This application fetches real estate listings from a webpage, tidies up the data, and stores it in an Amazon S3 bucket.
It uses Python libraries like requests and BeautifulSoup for web scraping, and Boto3 for interacting with S3.
Additionally, it's orchestrated by Apache Airflow, which schedules and manages the entire ETL process.
This setup automates the extraction, transformation, and loading of real estate data, making it easy to keep the listings up-to-date and accessible.
- Utilizes requests library to send HTTP requests and BeautifulSoup library to parse HTML content of a webpage.
- Scrapes specific data from the webpage and saves it to a pandas dataframe.
- Defines functions to extract specific details from the dataframe and clean the data.
- Extracts details like area, number of bedrooms, suites, parking spaces, etc.

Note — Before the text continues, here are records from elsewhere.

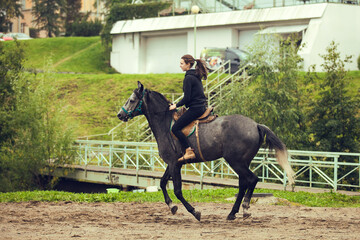 Young girl sits astride a grey horse. Girl rider. Girl larkes on black horse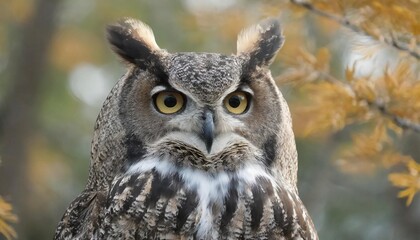 Obraz premium Isolated great horned owl with depth of field showcasing large tufts and striking eyes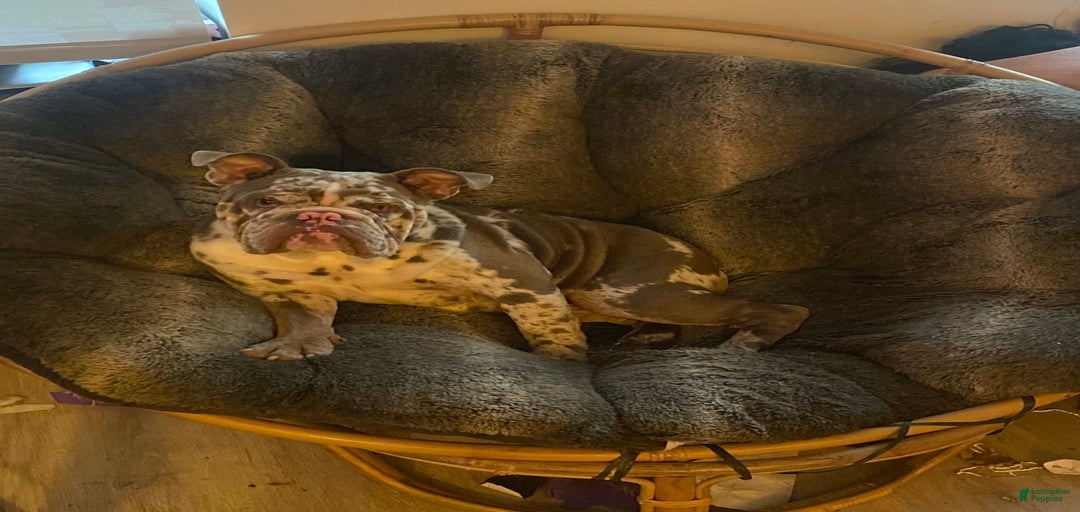 Gallery Image {{count}}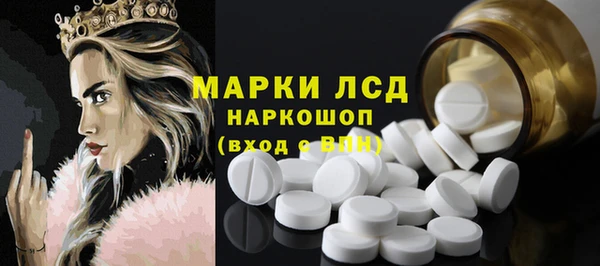 прущие грибы Арсеньев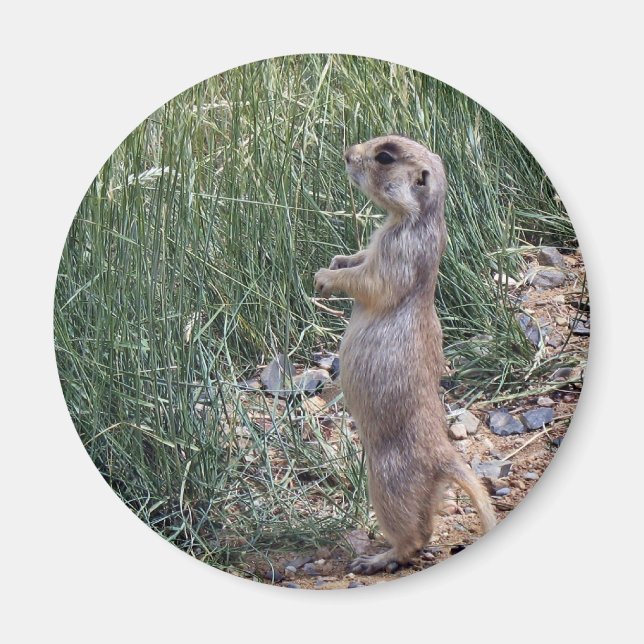 White-tailed prairie dog magnet (Front)
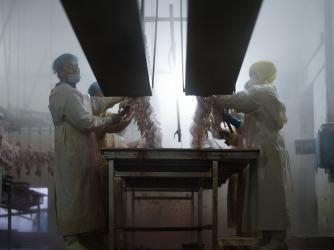 Slaughterhouse assembly line.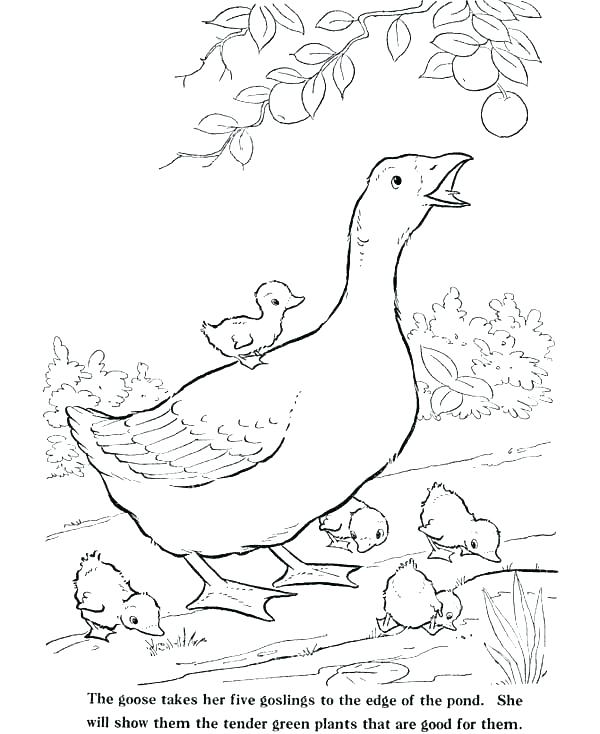 600x734 Mother Goose Coloring Pages Free Printable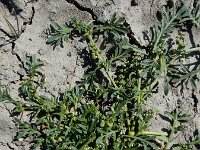 Lepidium coronopus  14, Grove varkenskers, Saxifraga-Ed Stikvoort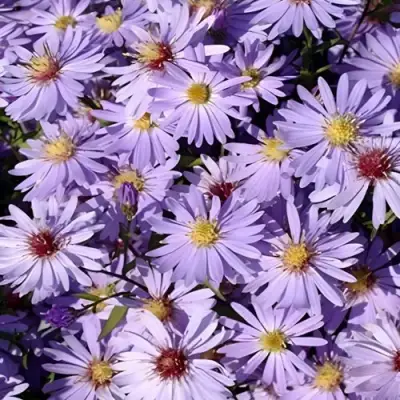 Астра БЛЮ ХЕВЕН сердцелистная в Речице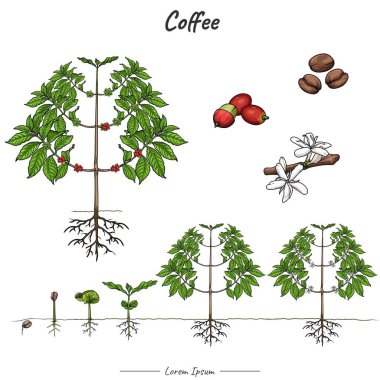 Kahve fabrikası paketi. Kahve seti. Tohumdan vektör olarak kahve ağacına kadar ağaç çizimi. Biyoloji veya eğitim posteri gibi konular için kullanılabilir.
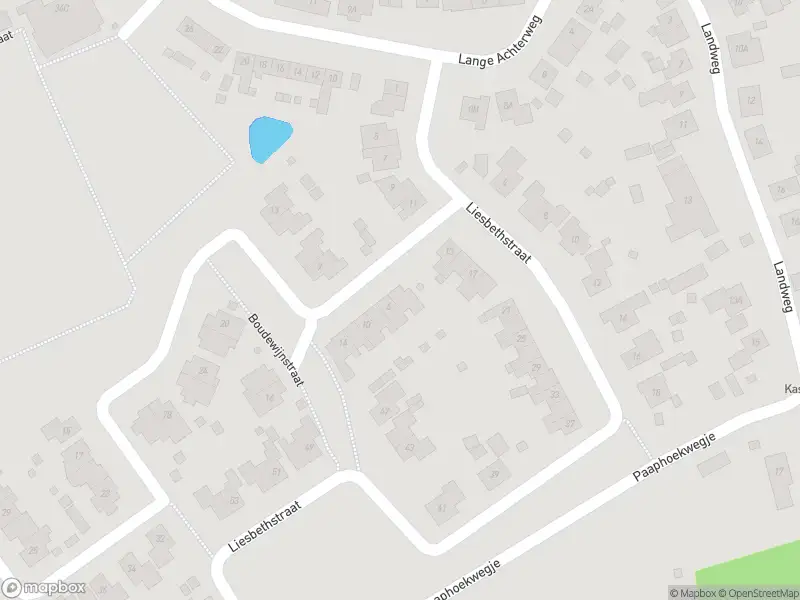 Overlastmelding Boudewijnstraat in 's-Heer Arendskerke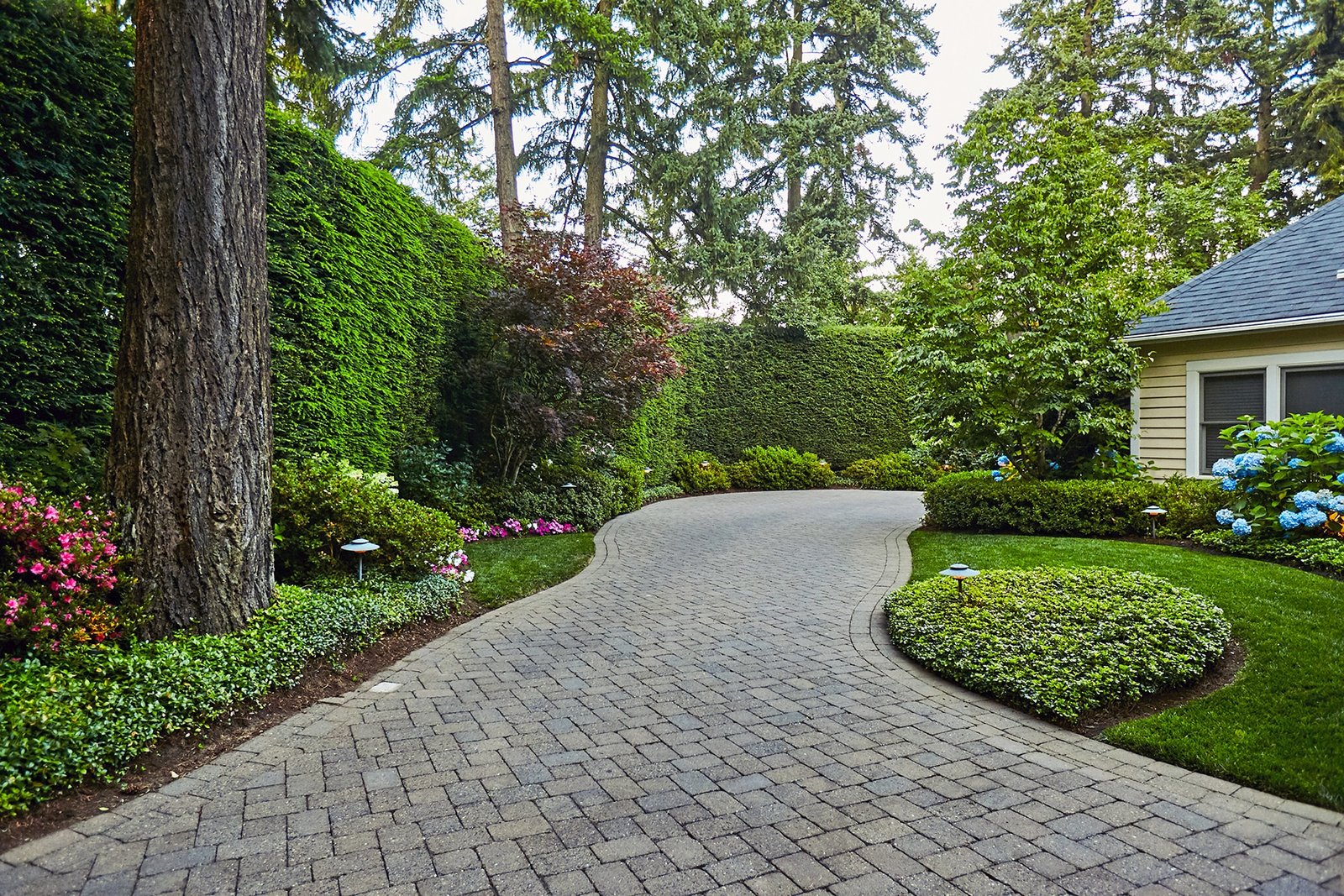Growing Hedges 101: A Gardener’s Guide to Lush, Living Fences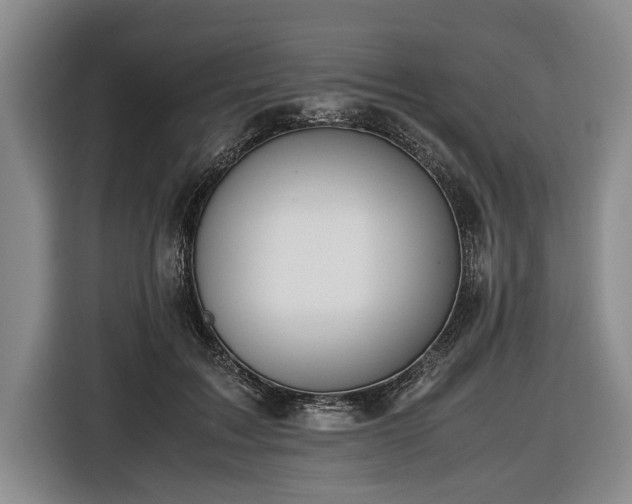 X0000116420603200912151000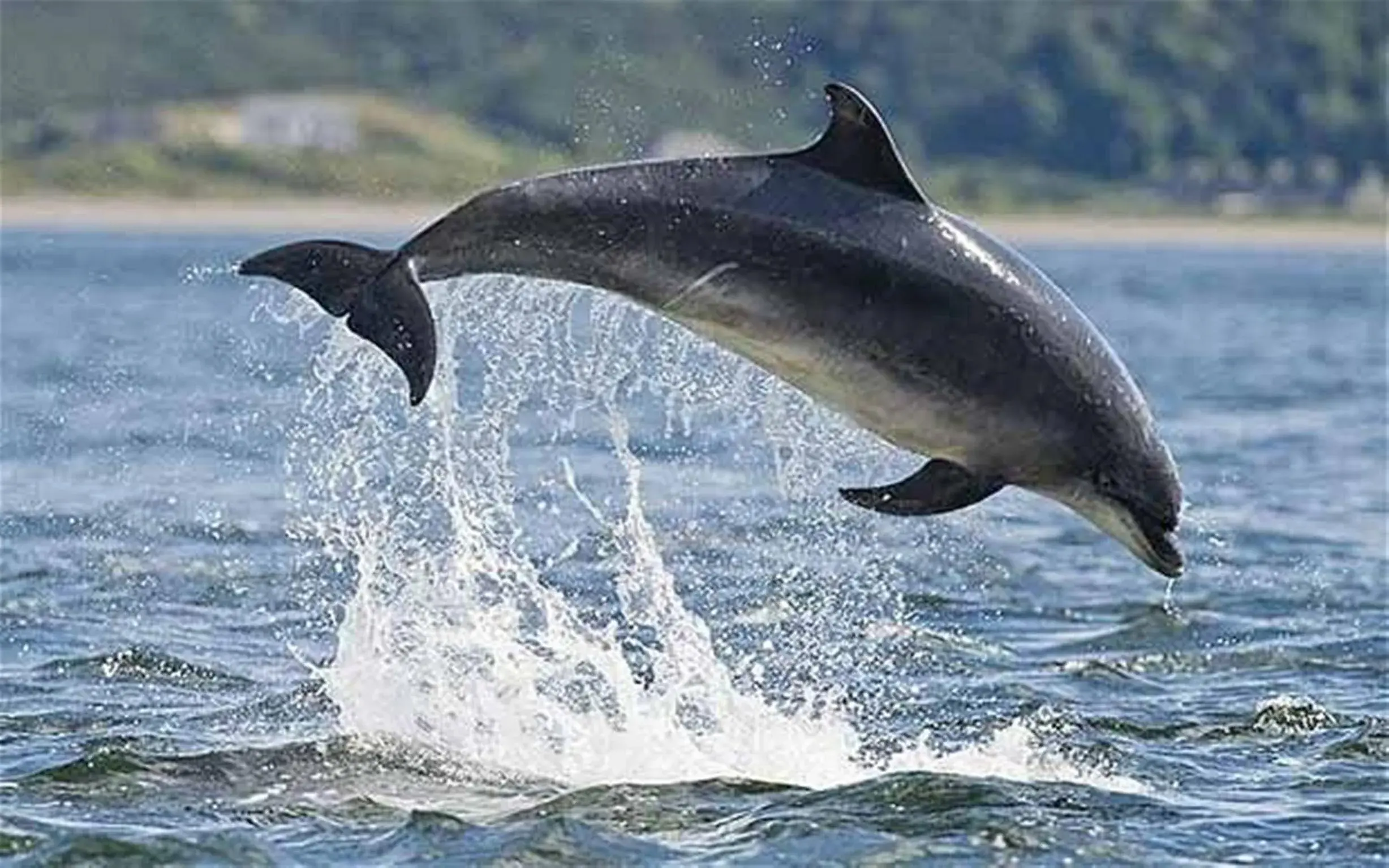 Facade/entrance in Nethybridge Hotel Facade/entrance in Nethybridge Hotel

- Cleans and preprocesses price data.
- Loads AWS configuration from a JSON file.
- Uploads a CSV string to an S3 bucket using Boto3 S3 client.
- Sets up a Directed Acyclic Graph (DAG) named "automated_etl_process" using Airflow.
- DAG is scheduled to run daily.
- Defines three tasks for data extraction, transformation, and loading, represented by PythonOperator.
- Establishes task dependencies where the extraction task precedes transformation, and transformation precedes loading.